Name Type Description
column_name str

Name of the column that will store state values (e.g., "page", "status")

trigger_column_name str

Name of the column that will store trigger/action values (e.g., "action", "event", "user_action")

initial_state str

The starting state for all sessions/sequences

states list[str]

Complete list of all valid states in the state machine

terminal_states list[str]

List of states that end the session (no outgoing transitions)

transitions list[Transition]

List of Transition objects defining all possible state changes

context_variables dict[str, bool]

Dictionary of boolean context variables with their initial values. Used for conditional transitions !!! note - All states in terminal_states must be present in states - initial_state must be present in states - Each transition's source and dest must be valid states - Multiple transitions from the same source state will have their probabilities normalized

rockfish.actions.ent.Transition

Represents a single transition in a state machine.

Simple transition from homepage to search
t1 = Transition(
    trigger="browse",
    source="homepage",
    dest="search",
    probability=0.6
)
Transition with conditions and context updates
t2 = Transition(
    trigger="checkout",
    source="cart",
    dest="checkout",
    probability=0.6,
    conditions=["has_items"],
    context_updates={"checkout_started": True}
)
Self-loop transition (staying in same state)
t3 = Transition(
    trigger="refine_search",
    source="search",
    dest="search",
    probability=0.2
)

Attributes:

Name Type Description
trigger str

The action/event that causes this transition (e.g., "browse", "view_product")

source str

The originating state (e.g., "homepage", "search")

dest str

The destination state (e.g., "product", "cart")

probability float

Probability weight for this transition (0 < p <= 1).
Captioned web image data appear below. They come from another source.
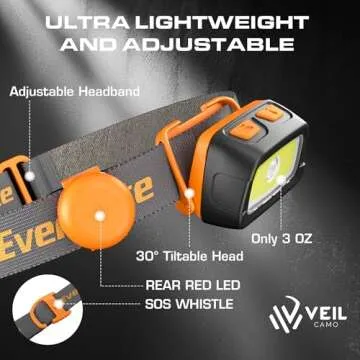 EverBrite 350 Lumens Rechargeable Headlamp for Outdoor Use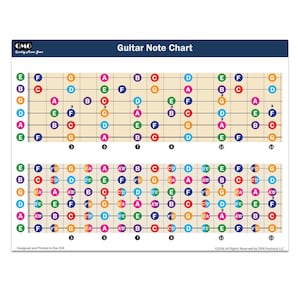 QMG Color Coded Guitar Fretboard Note Chart A4 Laminated – Major & Full Notes Music Theory Guide for Acoustic Electric Classical Guitars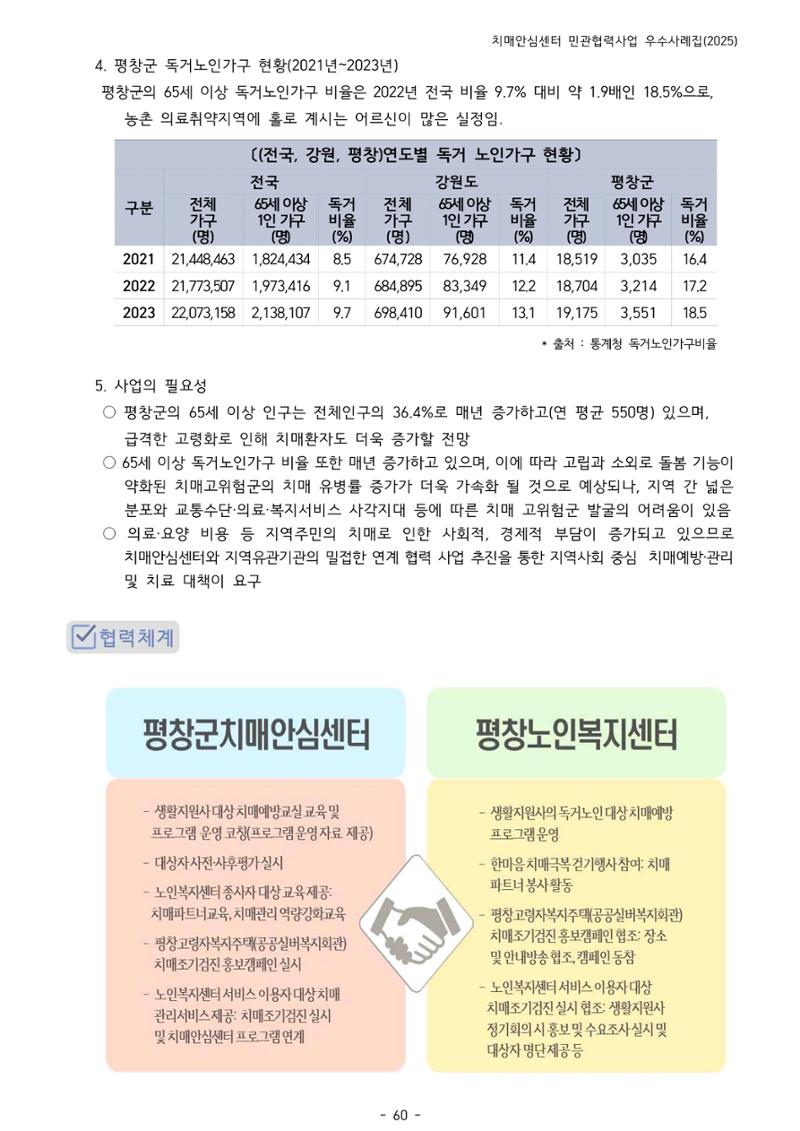 2025년 강원특별자치도 치매안심센터 민관협력사업 사례모음집 61페이지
When multiple transitions share the same source state, probabilities are normalized to sum to 1.0

conditions list[str]

List of context variable names that must be True for this transition to be eligible. Empty list means no conditions

context_updates dict[str, bool]

Dictionary of context variable updates to apply after this transition executes. Keys are variable names, values are booleans !!! note Probabilities are weights, not exact probabilities. If a source state has transitions with probabilities [0.6, 0.3, 0.1], they will be normalized to [0.6, 0.3, 0.1] since they already sum to 1.0. If they were [2, 1, 1], they would normalize to [0.5, 0.25, 0.25].

Important notes:

  • Probabilities are weights that get automatically normalized (they don't need to sum to 1.0)
  • Multiple transitions from the same source state will have their probabilities normalized
  • Conditions must reference context variables defined in context_variables
  • Context updates can enable/disable transitions dynamically

rockfish.actions.ent.Derivation

Derivation specification for derived columns.

SUM derivation
Derivation(
    function_type=DerivationFunctionType.SUM,
    dependent_columns=["col1", "col2"],
    params=SumParams()
)
SAMPLE_FROM_COLUMN derivation
Derivation(
    function_type=DerivationFunctionType.SAMPLE_FROM_COLUMN,
    dependent_columns=["users.user_id"],
    params=SampleFromColumnParams(with_replacement=True, seed=42)
)
MAP_VALUES derivation
Derivation(
    function_type=DerivationFunctionType.MAP_VALUES,
    dependent_columns=["status"],
    params=MapValuesParams(
        mapping=[{"from": "active", "to": "high"}],
        default="unknown"
    )
)

Attributes:

Name Type Description
function_type DerivationFunctionType

Type of derivation function to apply

dependent_columns list[str]

List of column references this derivation depends on. Format: "column_name" for same entity, "entity.column" for cross-entity

params Union[SumParams, MultiplyParams, SampleFromColumnParams, MapValuesParams]

Typed parameters specific to the derivation function

Column reference formats:

  • Same entity: "column_name"
  • Cross-entity: "entity_name.column_name"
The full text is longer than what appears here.